Le Tribunal fédéral a donné raison à quatre journalistes qui avaient déposé plainte, après avoir été interdits de suivre un procès.

La mesure d'exclusion des journalistes s'expliquait d'autant moins que la victime avait donné une interview à la presse de boulevard. (Photo d'illustration)

La mesure d'exclusion des journalistes s'expliquait d'autant moins que la victime avait donné une interview à la presse de boulevard. (Photo d'illustration)

Keystone

Le Tribunal fédéral (TF) a infligé un cinglant désaveu à la justice zurichoise. Il a accepté le recours de quatre journalistes accrédités auprès des tribunaux cantonaux, qui avaient été privés du droit de suivre un procès pénal en deuxième instance et d'assister à la lecture du verdict.

Avant de statuer sur une affaire criminelle, intervenue dans le contexte d'une relation extra-conjugale, le Tribunal cantonal zurichois avait imposé un huit clos à la presse. Il avait justifié cette mesure par égard pour les enfants du couple, afin d'éviter qu'ils ne subissent un nouveau traumatisme.

Leur père, victime d'une agression, avait été gravement blessé par l'amant de leur mère. Celle-ci avait été condamnée pour tentative d'homicide en première instance, avant que le Tribunal cantonal ne lui inflige une peine de seize ans de prison pour tentative d'assassinat.

«Chien de garde» de la démocratie

La décision du Tribunal cantonal zurichois de priver les journalistes d'assister au procès en deuxième instance a violé le droit à la liberté de la presse et le principe de publicité, a jugé mercredi la Ière Cour de droit public du TF. Les juges fédéraux ont souligné l'importance du rôle de la presse, considérée comme le «chien de garde de la démocratie».

Le principe de publicité des débats joue un rôle fondamental. Il protège les parties en garantissant un déroulement du procès conforme au droit. Il s'oppose à toute forme de justice secrète, a rappelé le juge fédéral Jean Fonjallaz.

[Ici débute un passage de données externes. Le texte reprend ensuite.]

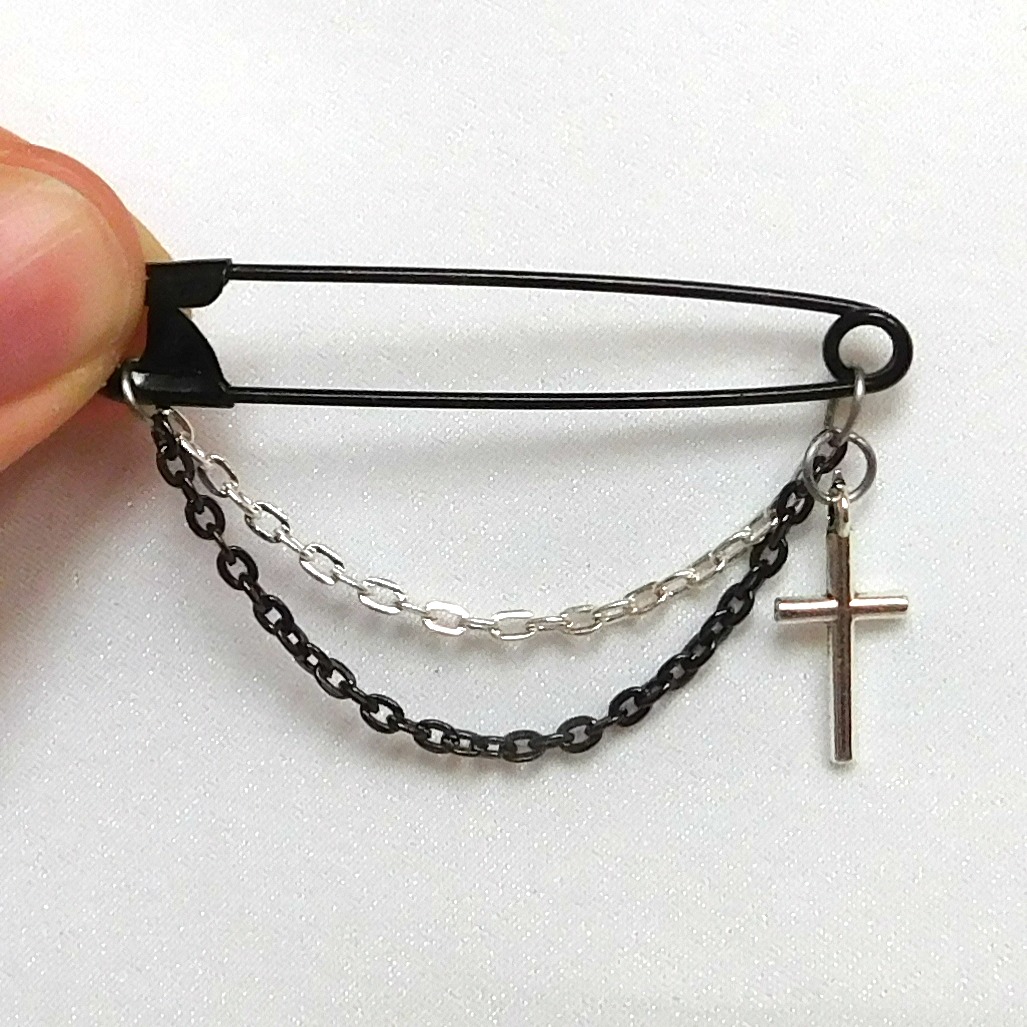 Ozdobný spínací špendlík, křížek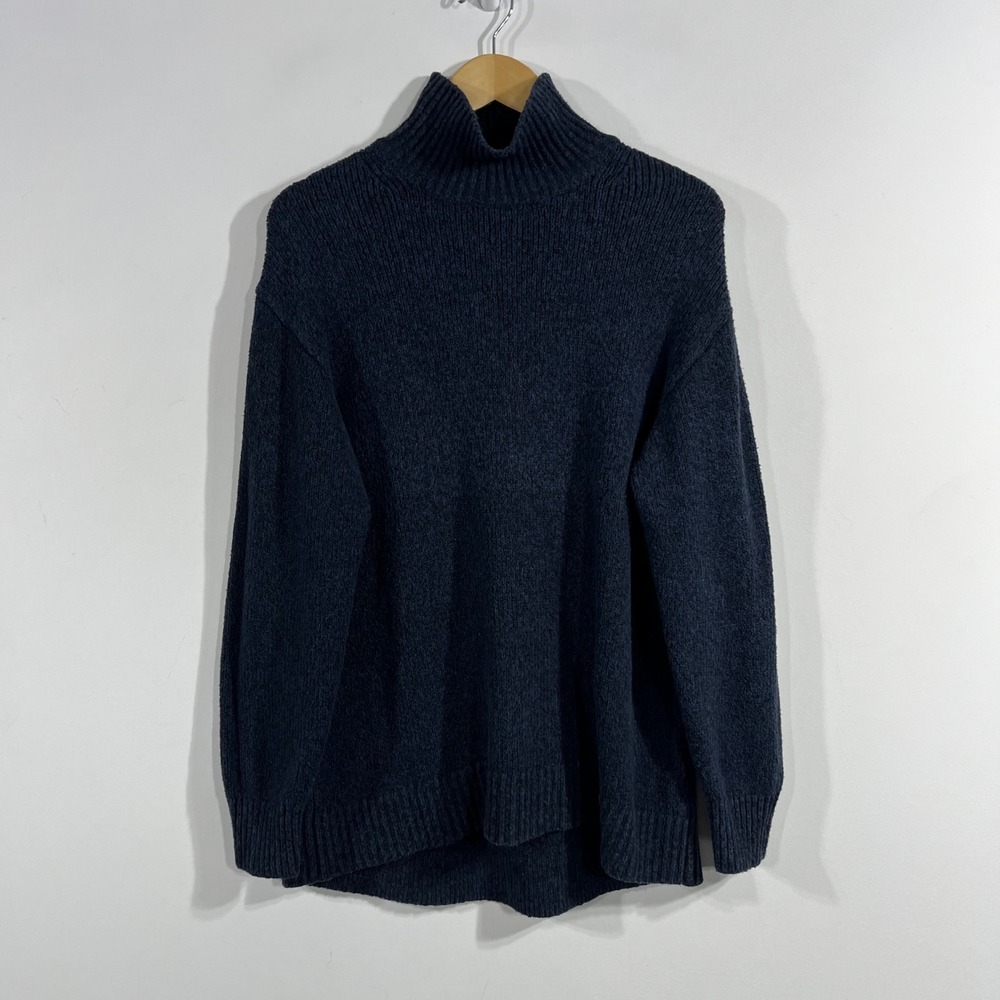 Uniqlo Chunky Fisherman Parisian Turtleneck Sweater Navy Knit Womens Small Cozy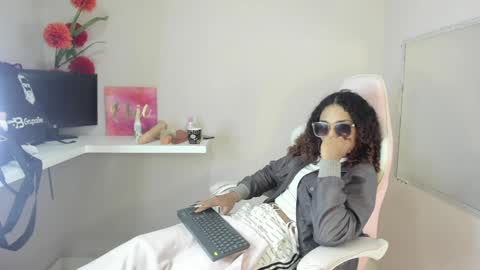 Snapshot of marfilastrom chatting on 15, 1, 2025 marfilastrom online show from 15, 1, 2025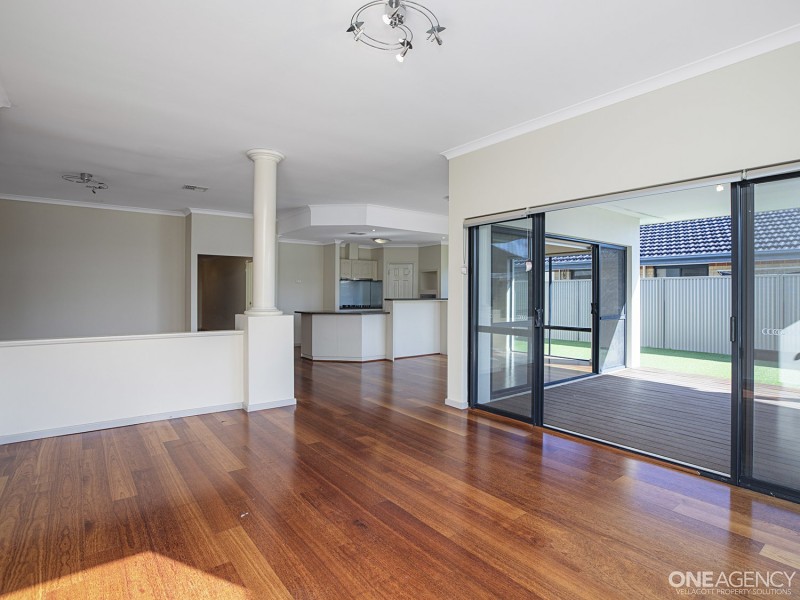 11 Lucida Road, Southern River WA 6110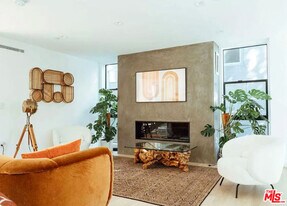 115 Park Pl in Los Angeles, CA - Building Photo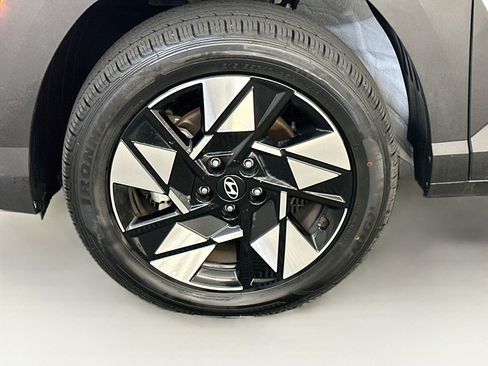 Used 2025 Hyundai Kona SEL AWD/4WD image 34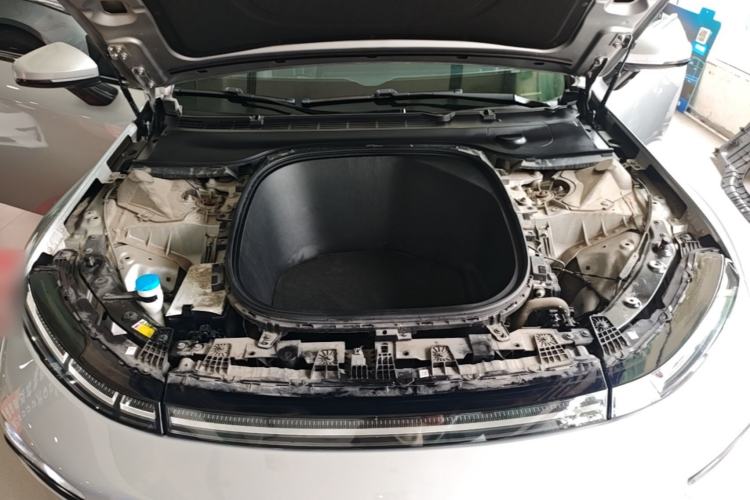 Used XPeng P7 2021 480N Engine Bay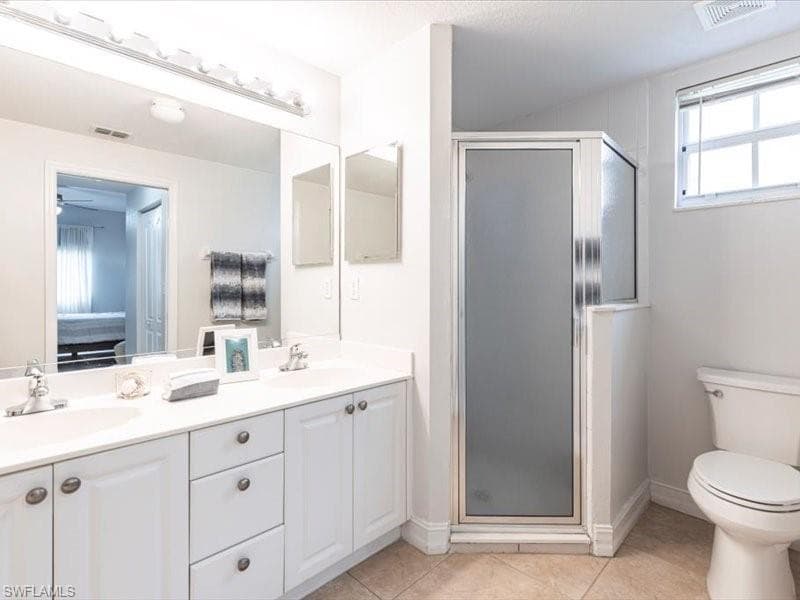 735 Luisa Ln 1, Naples, FL 34104-3
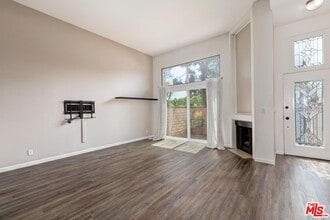 13011 Mindanao Wy in Marina Del Rey, CA - Building Photo - Building Photo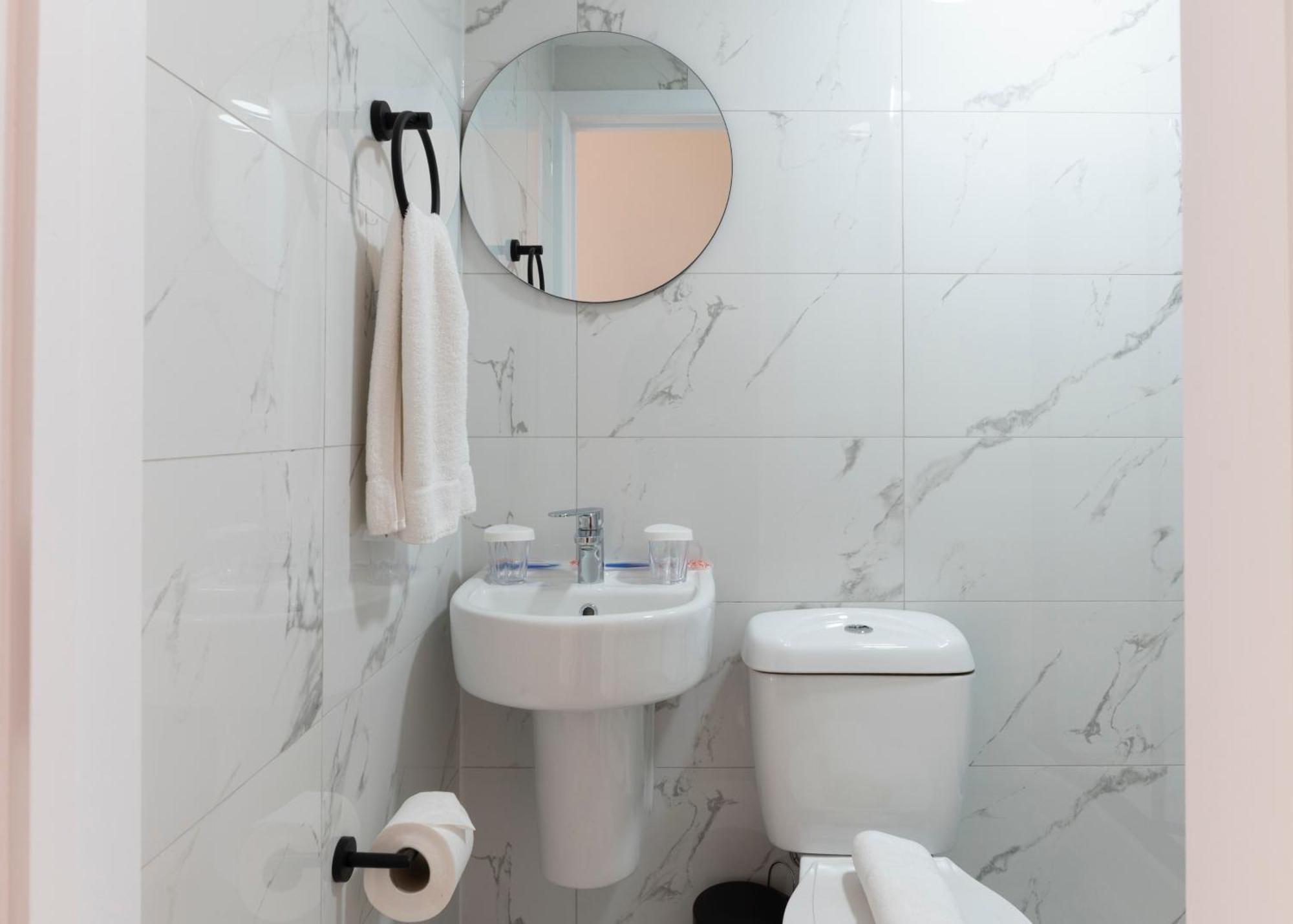Marina Hotel 런던 외부 사진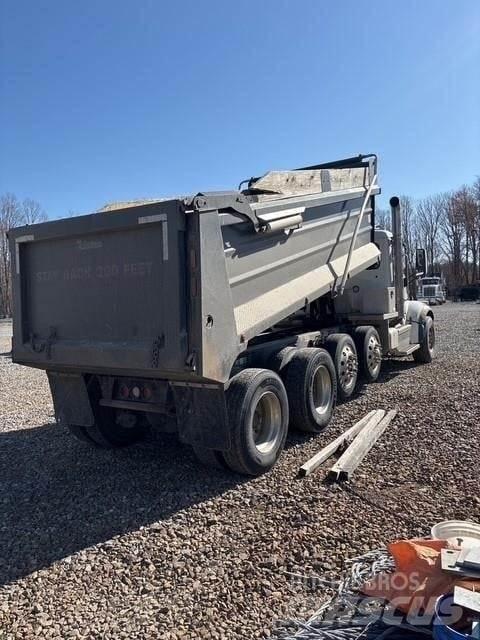 Peterbilt 567 شاحنات قلابة
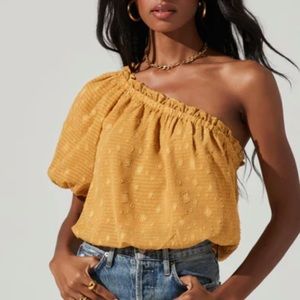 ASTR One Sleeve Top - mustard
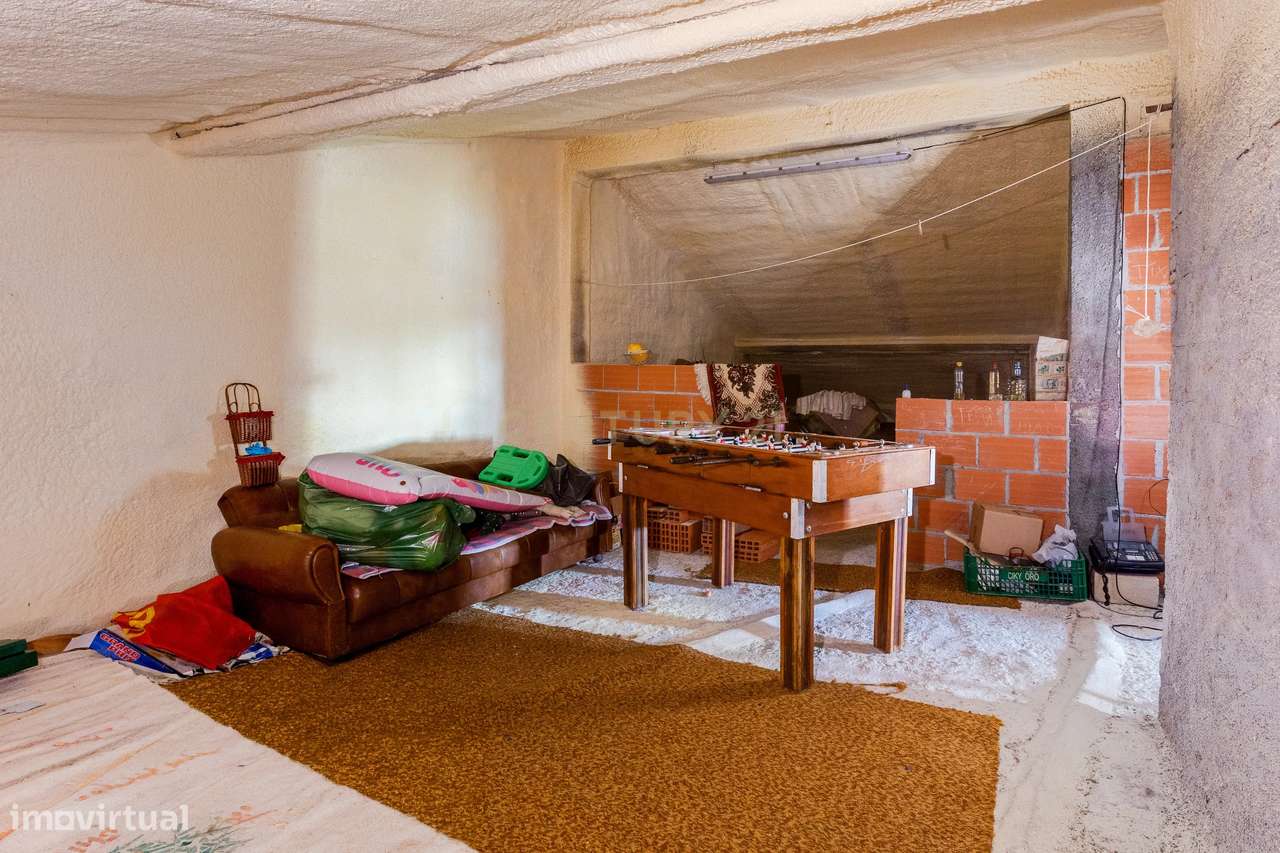 Casa T3 com Vista Panorâmica em Pombal, Leiria-31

Le juge a d'ailleurs rappelé le faible nombre de causes pénales qui font l'objet d'audiences publiques. Selon les statistiques, de telles audiences ne concernent que 5 à 7% de toutes les affaires. La plupart des causes sont liquidées par des ordonnances pénales.

Un «moment rare»

La publicité est un «moment rare». Beaucoup d'étapes de la procédure échappent à la publicité, en particulier lors de la phase de l'instruction du procès, qui reste secrète. La règle de la publicité est l'exception, a relevé le juge Jean Fonjallaz, qui a également rappelé que des affaires délicates jugées récemment dans les cantons de Vaud et Genève ont été jugées publiquement.

En l'espèce, la mesure d'exclusion prononcée par le Tribunal cantonal se justifiait d'autant moins que la victime, soit le père des enfants, avait donné une interview à la presse de boulevard. La problématique liée au risque de traumatiser à nouveau les enfants doit être relativisée, a ajouté le juge Jean Fonjallaz.

Son collègue, le juge fédéral François Chaix, a ensuite rappelé que les journalistes accrédités doivent respecter les règles sur la chronique judiciaire. «Ces normes déontologiques doivent donner des garanties suffisantes aux parties plaignantes pour que leur anonymat soit préservé», a déclaré le magistrat lors de son intervention. (séance publique du 22 février 2016 dans les causes 1B_349/2016 et 1B_350/2016) (nxp/ats)

(NewsXpress)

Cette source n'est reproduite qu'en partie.